On 11 December, the Boeing F-15E Strike Eagle marked the 26th anniversary of its first flight, but the venerable strike fighter will continue serving with the US Air Force well into the 2030s.
"There are no plans to replace the F-15E for the foreseeable future," the USAF says. "It is true that the F-15E, like all of our legacy aircraft, are accumulating more flight time than used to be typical, but given current fiscal realities, the AF [air force] fleet will continue to age well past the point at which they would have been replaced in pre-Desert Storm days."
As a result, the service is taking steps to keep the Strike Eagle "a viable, sustainable, and fully capable platform". The USAF will conduct a full-scale fatigue test to determine an updated service life for the jet, and to discover if the aircraft needs any structural modifications or repairs.
The service is also replacing the F-15E's Raytheon APG-70 radar with the new Raytheon APG-82(V)1 active electronically scanned array (AESA), "which will greatly enhance the F-15E's ability to detect and very accurately locate ground targets", the USAF says. Additionally, it is upgrading the jet's electronic countermeasures suite with the Eagle passive/active warning and survivability system (EPAWSS). "These actions all demonstrate the [air force's] intent to keep the F-15E a vital part of the inventory for quite some time to come," it says.
But with an average fleet age of about 21 years, and around 6,000hrs on each airframe, the USAF will eventually have to either replace the jet or forego its capability.

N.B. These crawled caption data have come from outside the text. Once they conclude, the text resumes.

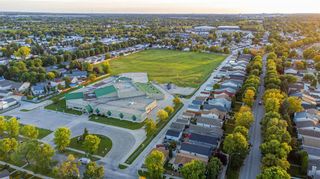 Photo 45: 530 Novavista Drive in Winnipeg: Residential for sale (2E)  : MLS®# 202223665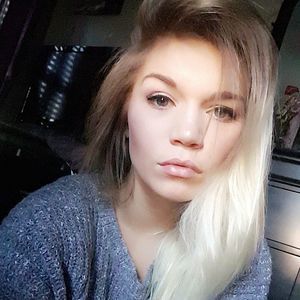 Meet your Posher, Alix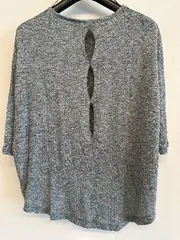 Vorschaubild 2 von Damen Shirt Pullover Gr. XS grau meliert Cut-Out Rücken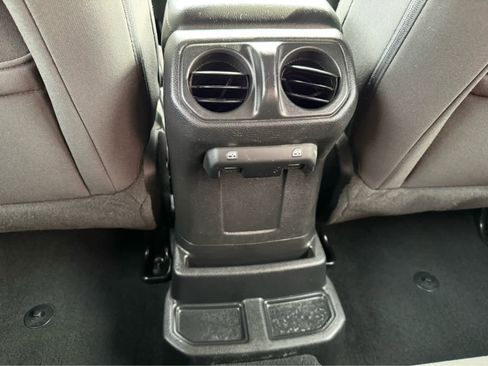 Used 2023 Jeep Wrangler Unlimited w/ Cold Weather Group AWD/4WD image 28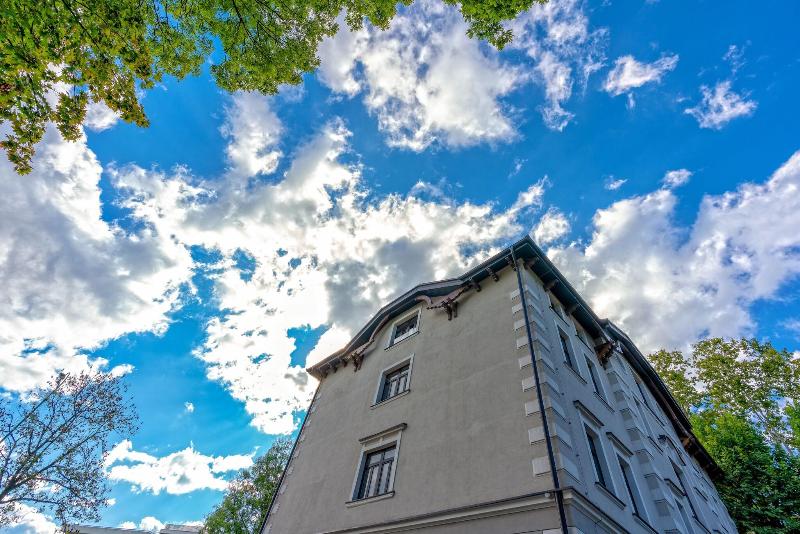 Heritage Hotel Krone - Genel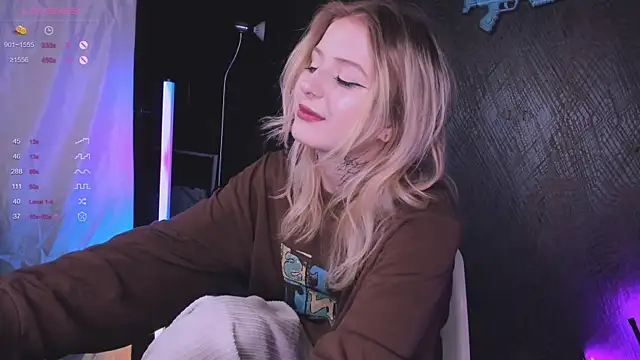 little grinch666 online show from 12/20/25, 06:11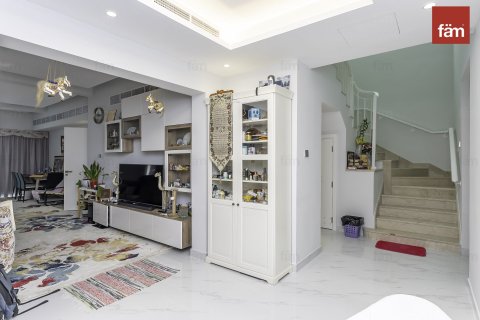 Villa à Dubai, 4 chambres, 327.2 m², № 47035 - photo 13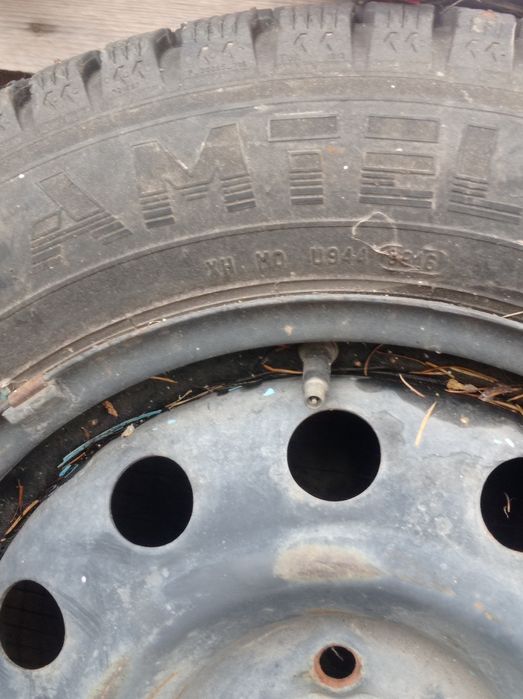 Продам зимние колеса в комплекте.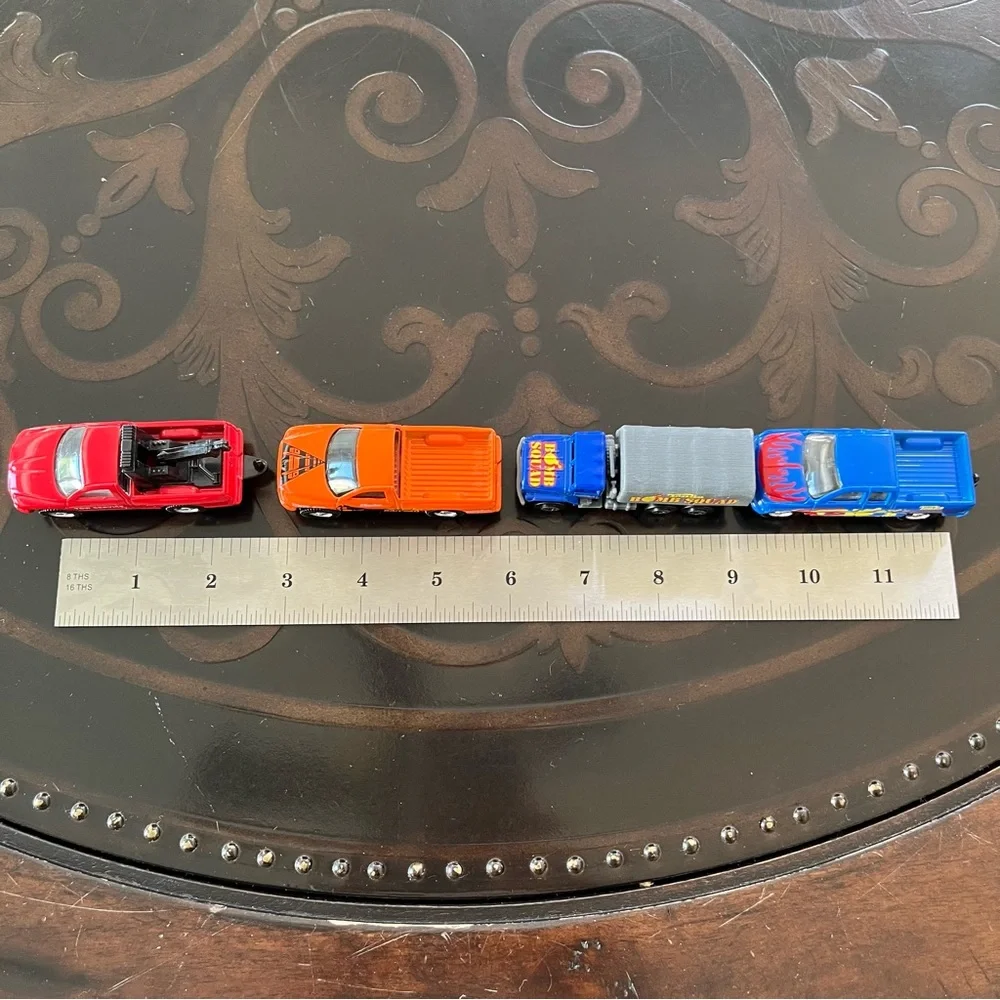 Maisto Pick Up Trucks (41-44)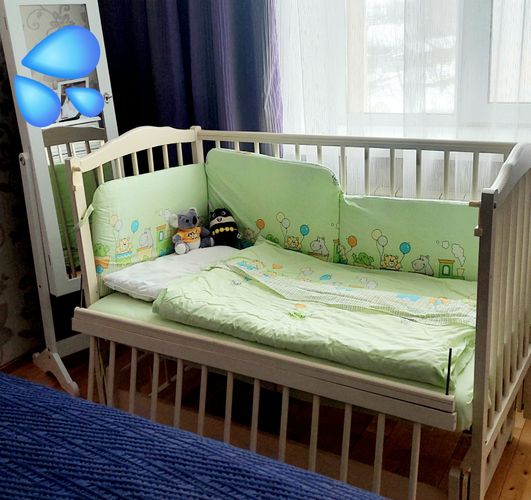 Кроватка детская с матрасом и комплектом белья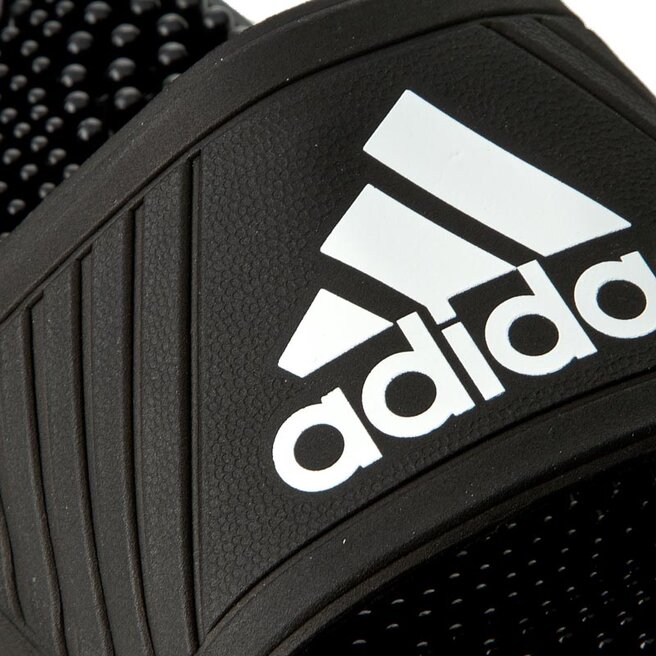Pantoletten adidas Voloossage AQ2650 Cblack Ftwwht Cblack eschuhe
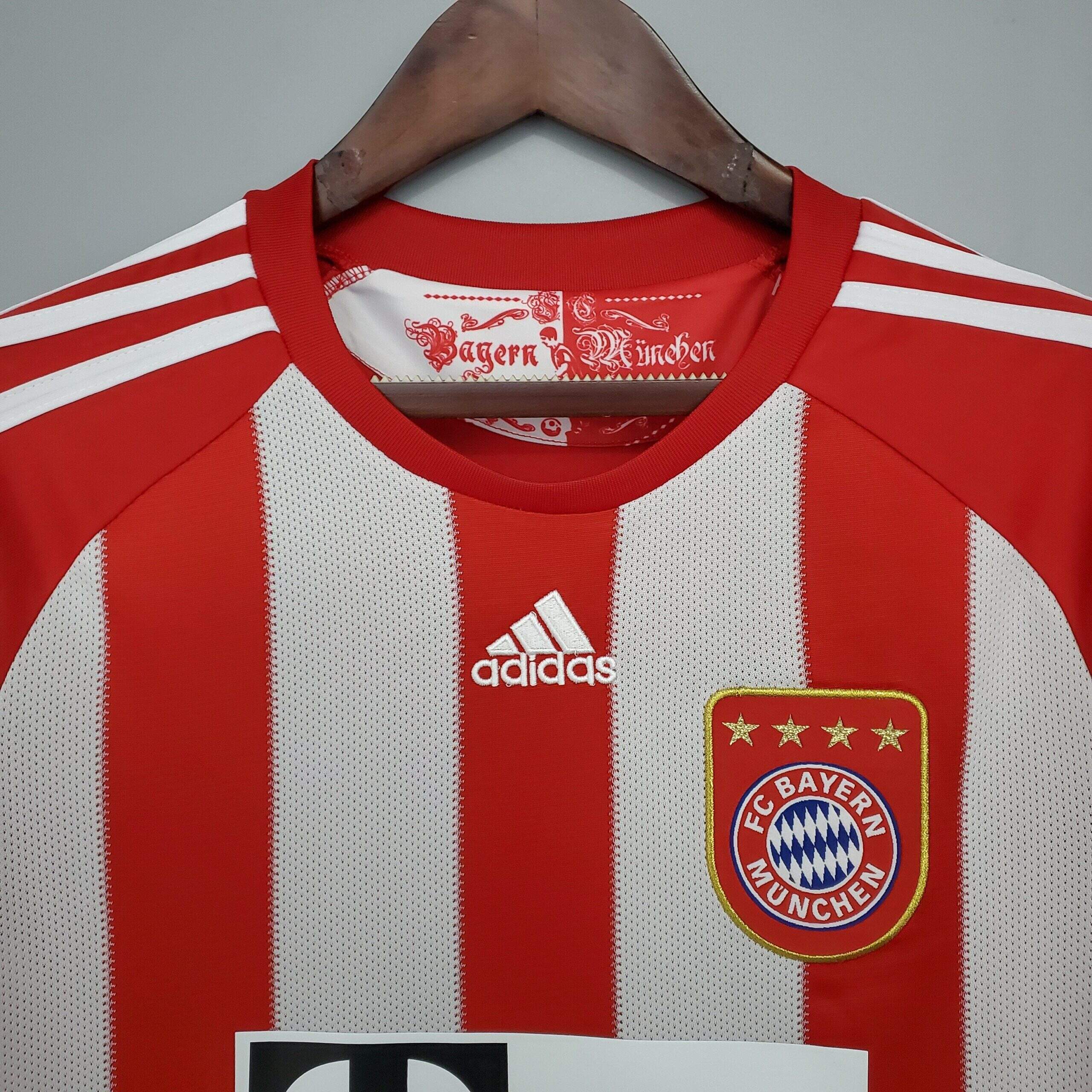 Cheap 2010/11 Bayern Munich Home kit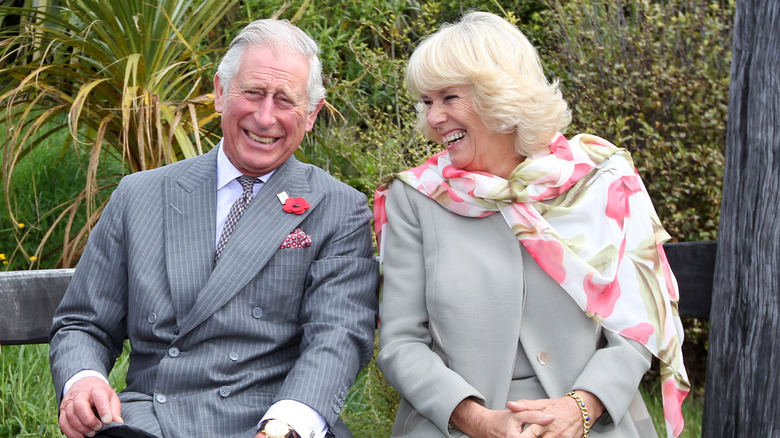 Camilla Parker-Bowles, le roi Charles rit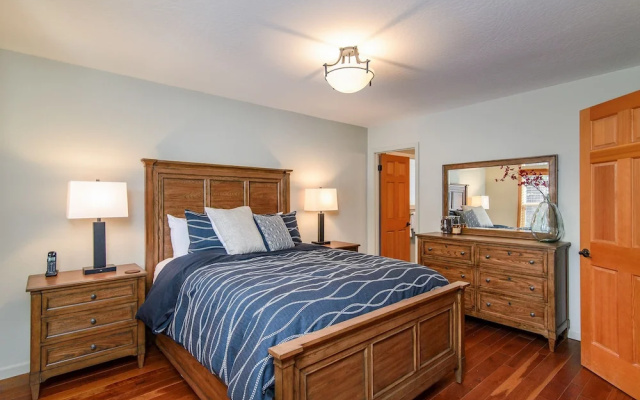 photo 5 of 10991 Zermatt Dr Home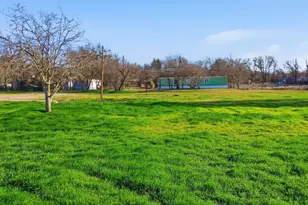 2013 Spring Valley Dr, Azle, TX 76020 - Photo 8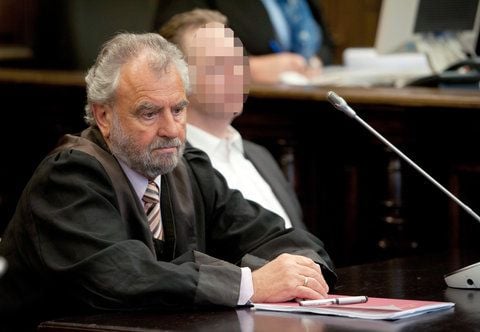 Der Angeklagte Unfallfahrer von Eppendorf sitzt im Landgericht in Hamburg neben seinem Anwalt Ralf-Dieter Briel (r). (FOTO: DPA)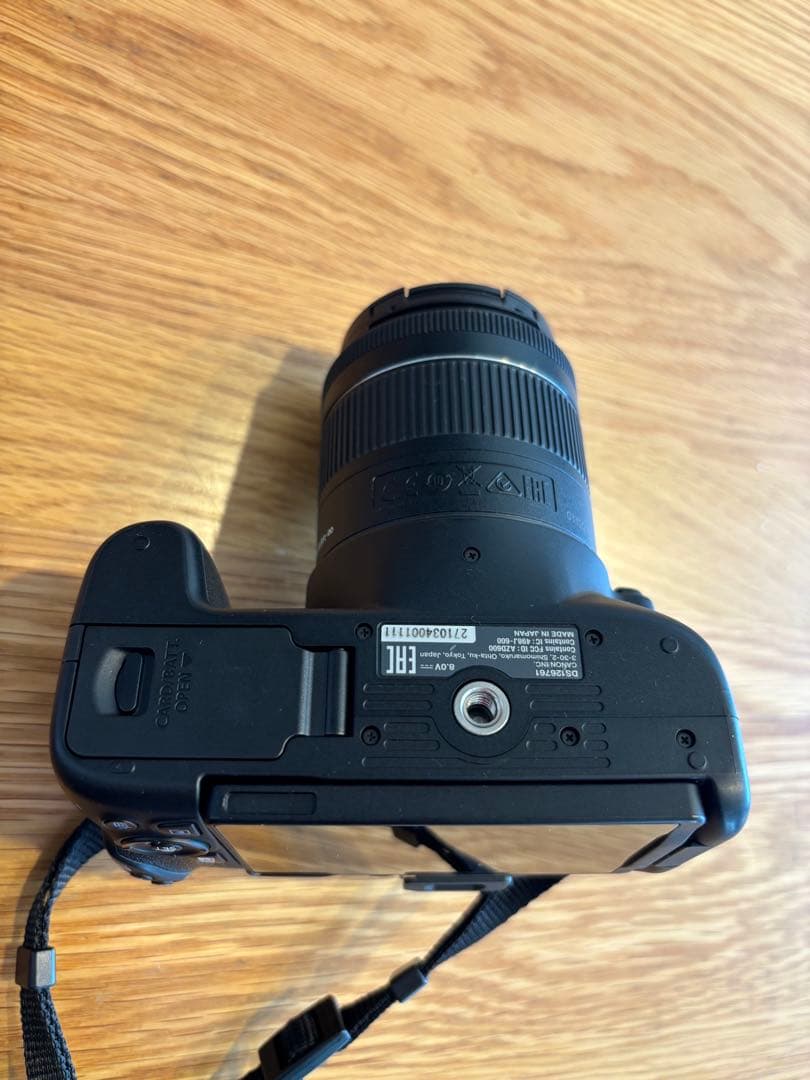 Canon EOS KISS X10 18-55mm デジタル一眼レフカメラ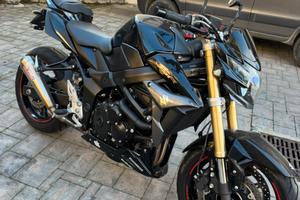 Suzuki GSR 750 2013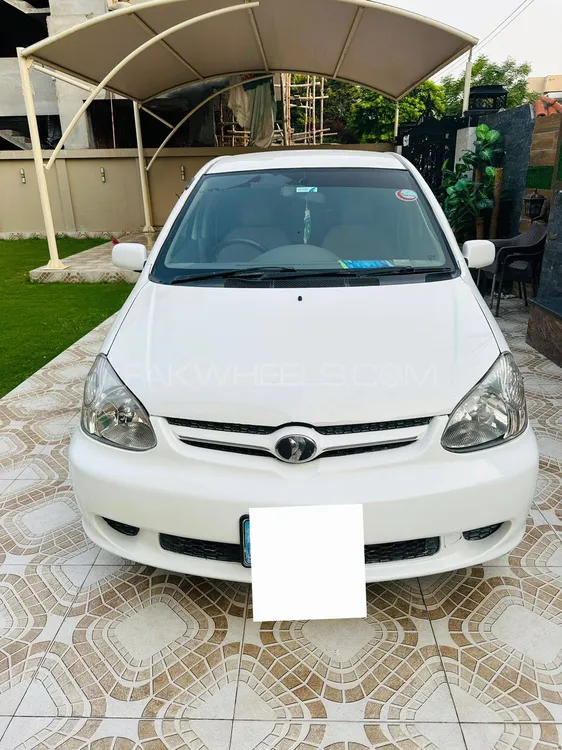 Toyota Platz 2005 for Sale in Faisalabad Image-1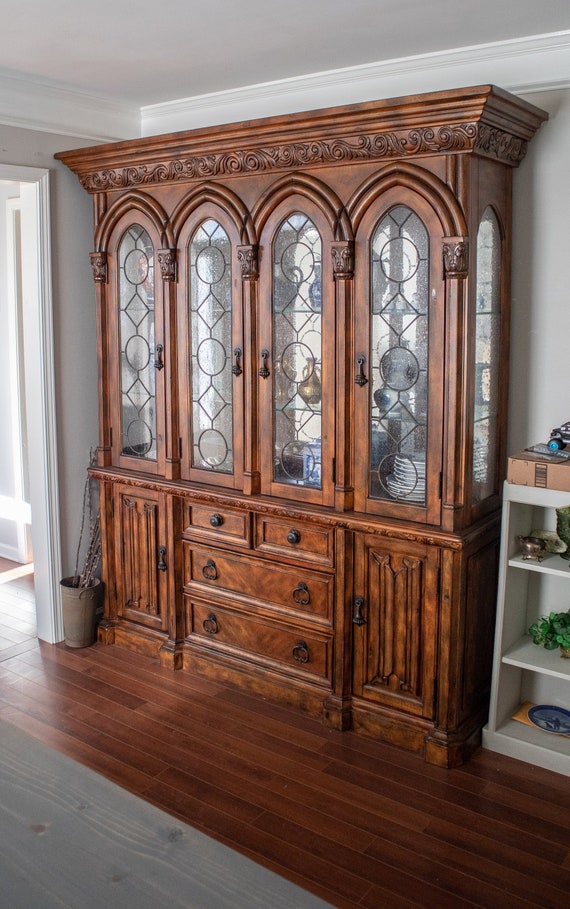 Luxurious Vintage Broyhill China Hutch Display Cabinet W Etsy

It is not surprising that the USAF does not have a plan in place to replace the F-15E, says Mark Gunzinger, an analyst at the Center for Strategic and Budgetary Assessments. "They have a lot of things to address right now, for example, funding in this pretty ugly budget environment for their three top priorities, which remain the [Lockheed Martin] F-35, [Boeing KC-46] tanker, and the [Long Range Strike] bomber."